I guess I can define “art” better than outsider art, and I think that that’s doing something for yourself with only your own parameters and taking it out as far as you can stand it, according to your own standards, until you can’t take it anymore. “Design,” on the other hand, would be doing something and tailoring it for an audience where it has to fit an external criterion. Art is doing it for yourself, for your own criterion.

Who were some of the artists that you began working with?

It all started early with Birdie Lusch, around ’75. My friend Mark Davis, who was also an artist, was driving a cab at that time and picked her up and brought her to her house, which was in a dead-end road in the middle of nowhere, a funny area of town. She was a strange, little lady, and she had bags of rocks—she was a rock collector—and, although it was dark, he noticed that there were pigeons all over her house, and this giant papier-mâché spider in the window. Mark and I had visited Elijah Pierce, so we were already hip to this kind of thing. He went back the next day, and the whole world was there. 

Who was she? What did she do for a living?

Oh, she worked in a factory. She made art and she was a genius. She wasn’t crazy. Her whole house was an environment—everything in her path, she Birdie-ized. She made the world her own, as she would say. She had a very, very tough life, but she was a brilliant person. She was born in 1903, and I have pictures of some of her work that she made as a child. But when I met her she was in her 70s, and her house was filled with art that still looks good now, because there’s nothing naïve about this person. She was well-read, and I’m still growing into what she did.

At that time, though, people didn’t appreciate that kind of work—they thought their kid could make it, so people didn’t bother with her. But she was also a very funny little woman, and I spent a lot of time with her—so did my friend Mark—and we even brought her to New York in ’79 and organized a show in my loft. 

Later I started to organize other shows for her, and she got into a show at the governor’s mansion. Richard Celeste was the Democratic governor at the time and he had purchased a couple of her pieces. He was probably like 6’5”, and somewhere there’s a picture of the two of them together. So, she went from being an outcast, in a way, to being recognized in Ohio. She died in ’88, but because the work is so interesting and good it lives on. 

What did you do after you first moved to New York?

Well, I came to New York and made my work. But my friend Mark and I also went around New York and found other people like Birdie. He had like a genius for finding them, and I had a nice quality for developing their work. This list of older people that I got involved with gets very long, actually.

Mark found this guy Aaron Birnbaum, who was born in 1895 and lived in Sheepshead Bay, and he was an honest-to-goodness real folk artist. Birdie was a real artist-artist—a contemporary artist dealing with complex issues. This guy lived in Poland and moved to New York when he was 10 and became a tailor on the Lower East Side and developed a nice manufacturing business.

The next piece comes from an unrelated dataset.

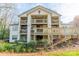 Multi-level home exterior featuring spacious decks and mature foliage at 1001 Churchill Downs Ct # A, Charlotte, NC 28211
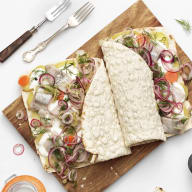 En tallrik med tortillabröd och sallad står på en skärbräda tillsammans med bestick och små skålar med tillbehör.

He was a powerful force of nature. After his wife died, he retired and started painting at age 70, and his paintings are true memory paintings of his life in Poland that he did in a nice Expressionist, almost slapdash kind of way. Also, because he was a tailor, he had this ingenious way of using templates or dress patterns to make all his little figures. He’d make cardboard templates and start laying them out on canvas like it was a piece of fabric and pencil around these things. Somewhere along the line, I started collecting his work. I still have those templates.

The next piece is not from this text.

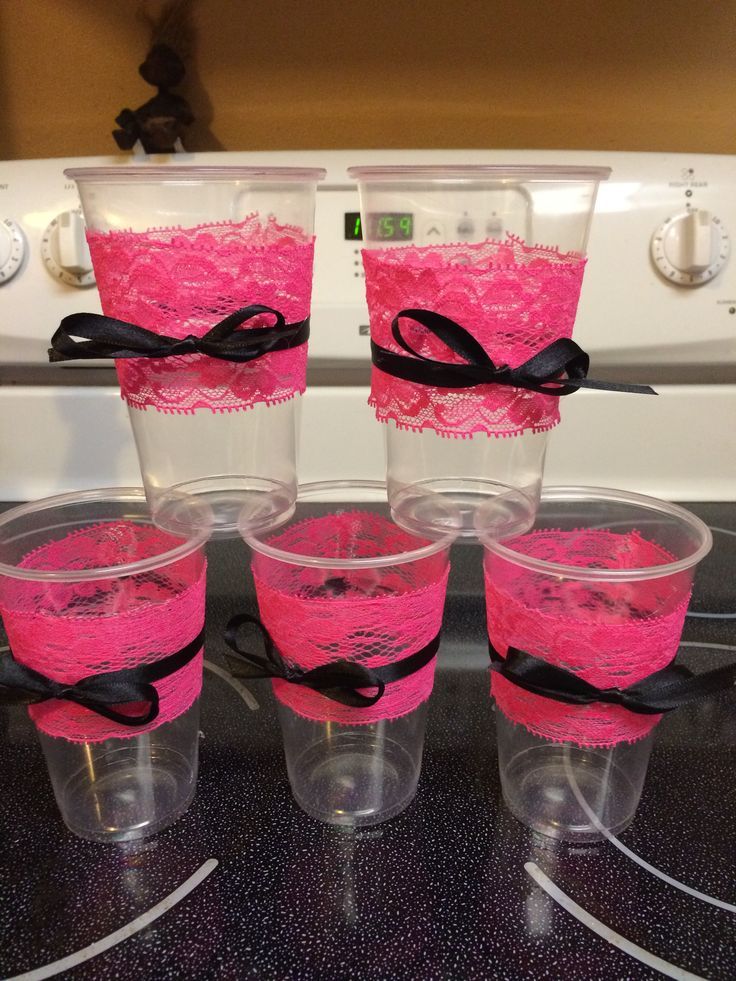 four cups with pink lace and black bows are sitting on top of the stove in front of an oven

It’s amazing to imagine you and Mark driving around New York City in the 1980s looking for these incredible older artists, like latter-day Lomaxes. How does one venture out into a gigantic metropolis and find these remarkable, offbeat geniuses?

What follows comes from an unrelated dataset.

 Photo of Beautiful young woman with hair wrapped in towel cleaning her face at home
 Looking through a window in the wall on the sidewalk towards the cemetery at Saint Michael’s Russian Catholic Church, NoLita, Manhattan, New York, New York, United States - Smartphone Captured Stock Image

You know, after you start doing something like this, people start to seek you out. For years now people have been bringing me the odds and ends, and something about growing up in Ohio gave me a taste for the different thing, or the odd thing. So, I started collecting—collecting people and objects—and I got very involved with my collection. I understand what it’s like to be a collector, in that a great collector’s life is going at one angle, an artist’s life is going at another, and then their work is going at another angle, and then they all intersect and it has some kind of profound meaning that marks both lives, in a way. When you go into somebody’s house and see their collection, it’s like a map of their life. 

People are always looking for their ideal audience. When it comes to people who choose such different paths in their lives, it must be extraordinary for them to come in contact with someone like you, who is primed and ready for their work.

Well, what’s extraordinary is walking into someplace where nobody has been before and finding this whole life’s work in front of you. And, there’s a lot of responsibility to that. I became almost like a guard dog, protecting these people, because once you open them up to the world you also have a responsibility to take care of them, because they don’t really understand that system and are very ripe for abuse. Anyway, I loved it. Around 1986, I stopped doing anything else—I decided, well, I don’t want to do any more wallpaper design work, since I had still been doing that for my father to make money. And I had enough objects. I haven’t really had a job now in 30 years. 

How did you make ends meet over the decade and a half prior to opening your gallery?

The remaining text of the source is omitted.